## WORK TO COMPLETE
In the answer, each entry below appears exactly as given, and no picture appears at all.

[Items from a data source]
BEGIN

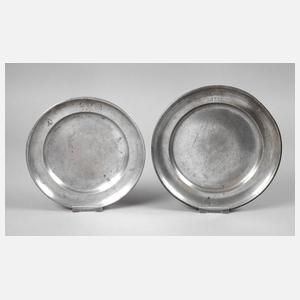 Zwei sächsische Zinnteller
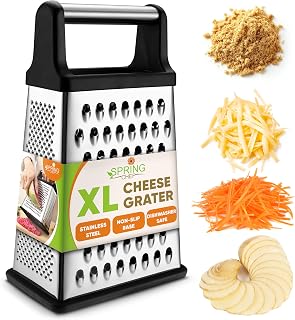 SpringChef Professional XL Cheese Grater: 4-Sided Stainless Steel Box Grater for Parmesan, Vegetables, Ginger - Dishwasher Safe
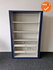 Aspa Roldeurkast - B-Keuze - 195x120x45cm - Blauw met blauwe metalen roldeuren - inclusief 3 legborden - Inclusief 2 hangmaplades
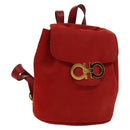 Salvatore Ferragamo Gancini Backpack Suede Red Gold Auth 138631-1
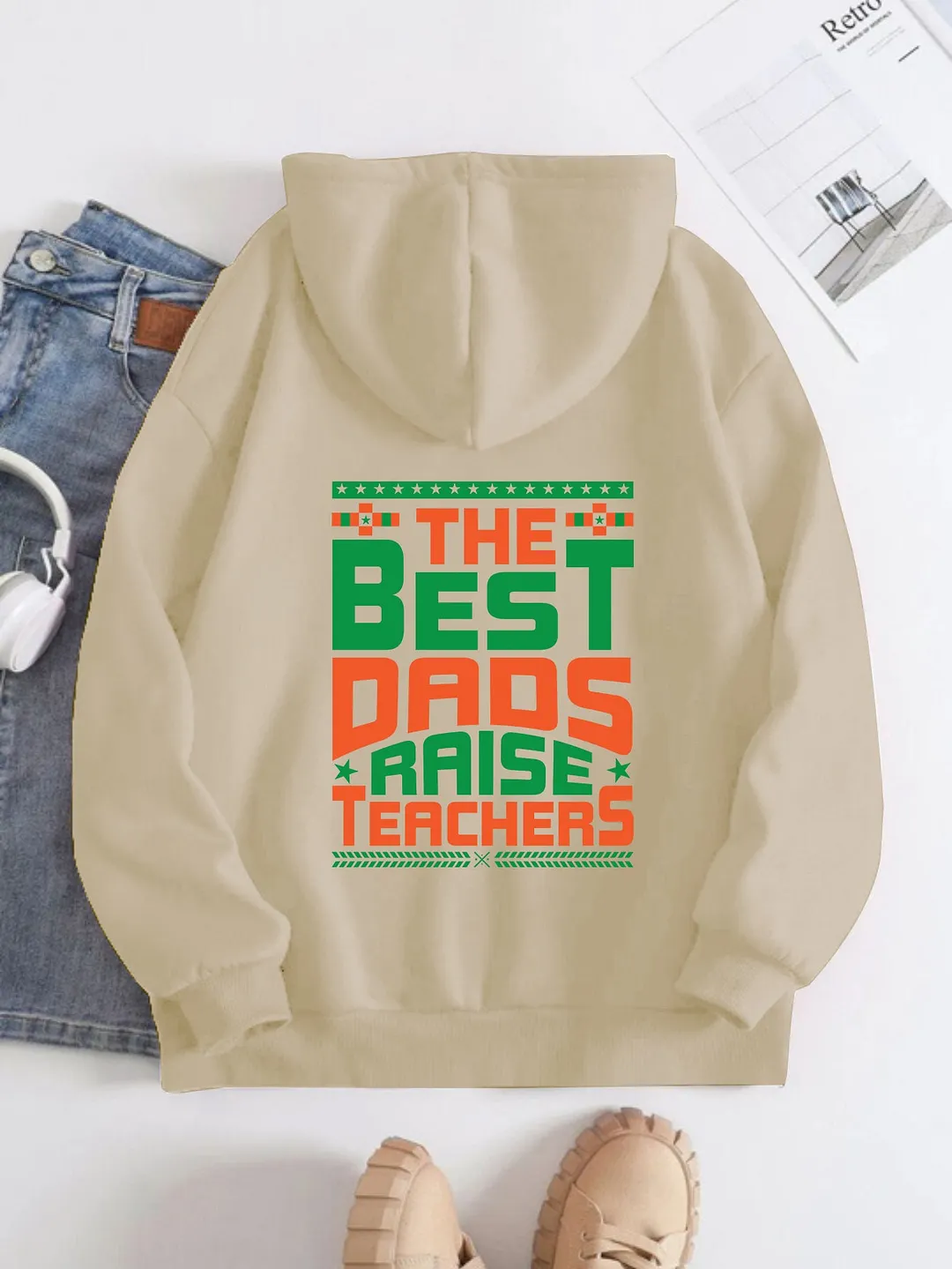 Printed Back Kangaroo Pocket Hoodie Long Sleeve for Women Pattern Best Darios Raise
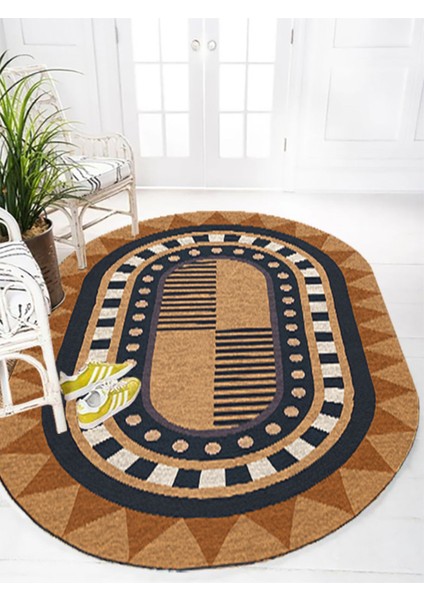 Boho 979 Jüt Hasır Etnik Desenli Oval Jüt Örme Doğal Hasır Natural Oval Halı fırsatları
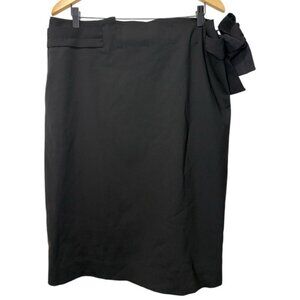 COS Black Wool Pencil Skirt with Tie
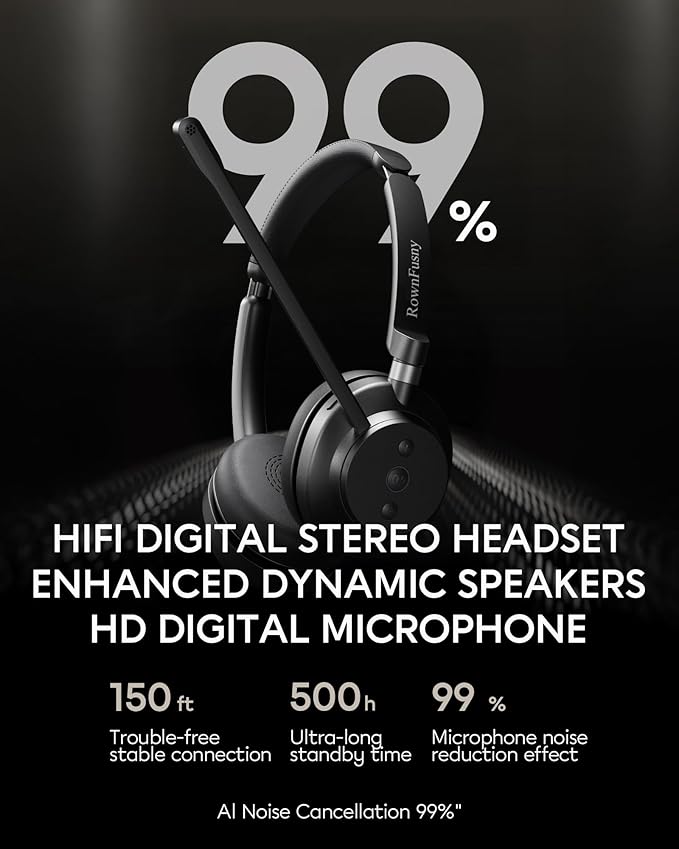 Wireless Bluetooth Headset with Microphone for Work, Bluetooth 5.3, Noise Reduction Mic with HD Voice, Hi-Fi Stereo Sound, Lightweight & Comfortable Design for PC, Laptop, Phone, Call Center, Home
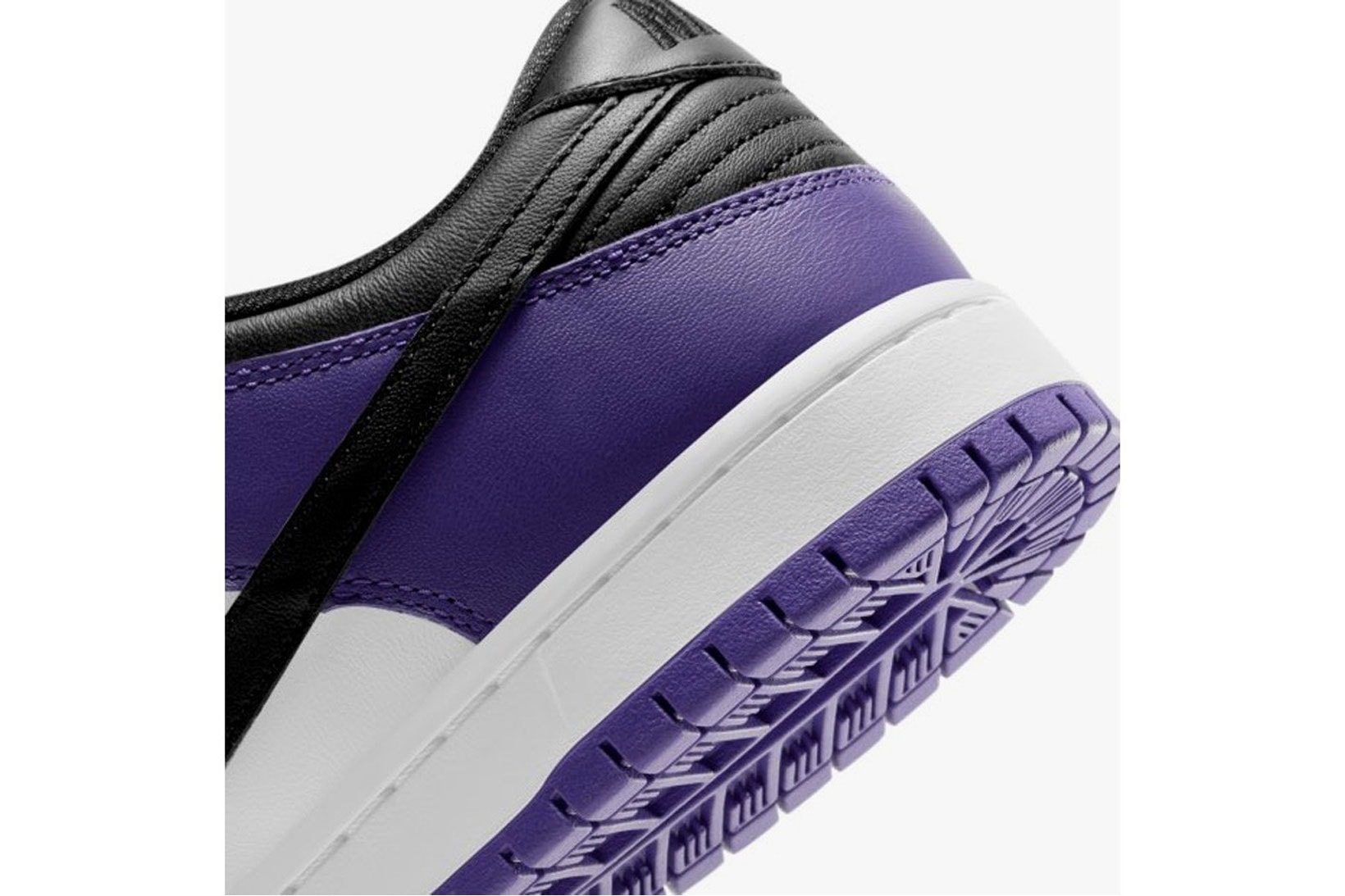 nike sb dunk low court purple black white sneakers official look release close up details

END

## TASK RESULT
 Zwei sächsische Zinnteller
 SpringChef Professional XL Cheese Grater: 4-Sided Stainless Steel Box Grater for Parmesan, Vegetables, Ginger - Dishwasher Safe
 Aspa Roldeurkast - B-Keuze - 195x120x45cm - Blauw met blauwe metalen roldeuren - inclusief 3 legborden - Inclusief 2 hangmaplades
 Salvatore Ferragamo Gancini Backpack Suede Red Gold Auth 138631-1
 Printed Back Kangaroo Pocket Hoodie Long Sleeve for Women Pattern Best Darios Raise
 Boho 979 Jüt Hasır Etnik Desenli Oval Jüt Örme Doğal Hasır Natural Oval Halı fırsatları
 COS Black Wool Pencil Skirt with Tie
 Wireless Bluetooth Headset with Microphone for Work, Bluetooth 5.3, Noise Reduction Mic with HD Voice, Hi-Fi Stereo Sound, Lightweight & Comfortable Design for PC, Laptop, Phone, Call Center, Home
 nike sb dunk low court purple black white sneakers official look release close up details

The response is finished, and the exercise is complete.